Lasource était un Cévenol, nature âpre, violente, amère. Le Languedoc protestant avait envoyé à la Convention plusieurs de ses pasteurs, d’un tel caractère. Qui pouvait dire si Lasource était moins amer à la droite que Jean-Bon Saint-André n’était violent à la gauche ? La contrée les faisait tels, l’histoire aussi, les malheurs, les persécutions. Ils prêchaient à la Convention comme ils auraient fait dans la guerre des Cévennes au désert sous un rocher.
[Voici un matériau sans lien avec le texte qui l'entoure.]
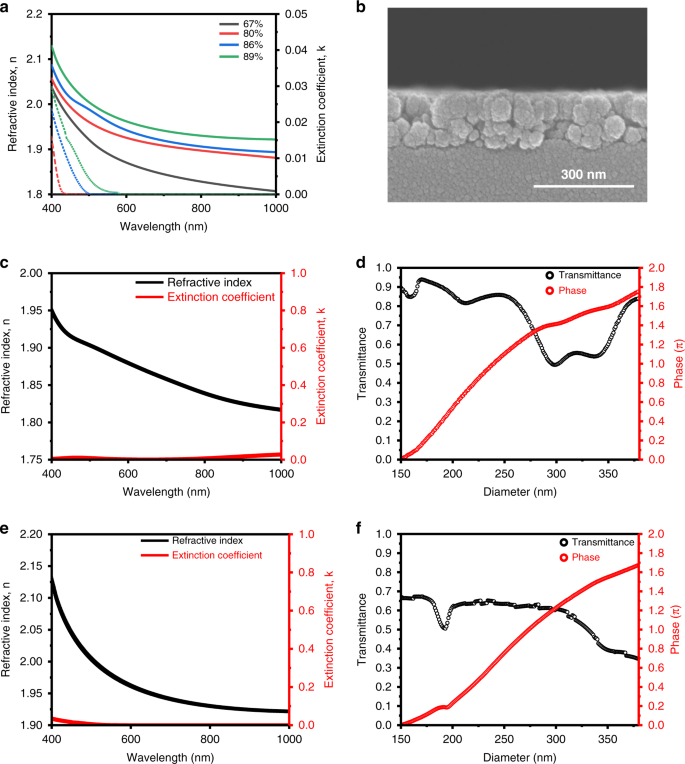Fig. 4: Optical properties of TiO2 PER thin films.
Lasource était très convaincu. Dans sa sombre imagination méridionale, il avait, comme Salles, Louvet et autres esprits malades et romanesques, arrangé tout un poème des trahisons communes d’Orléans, Dumouriez, Danton, des Cordeliers, des Jacobins. Il le lança, ce poème, très habilement arrangé, entouré de vraisemblances qui pouvaient faire illusion. Il demanda une enquête sur le complot tramé pour rétablir la royauté, se plaignit de l’inaction du tribunal révolutionnaire ; enfin, ne se fiant pas au tribunal, il somma la Convention de faire jurer à ses membres l’engagement de poignarder quiconque essayerait de se faire dictateur ou roi… Le serment fut prêté à l’instant, aux applaudissements des tribunes… Tout le monde regardait Danton.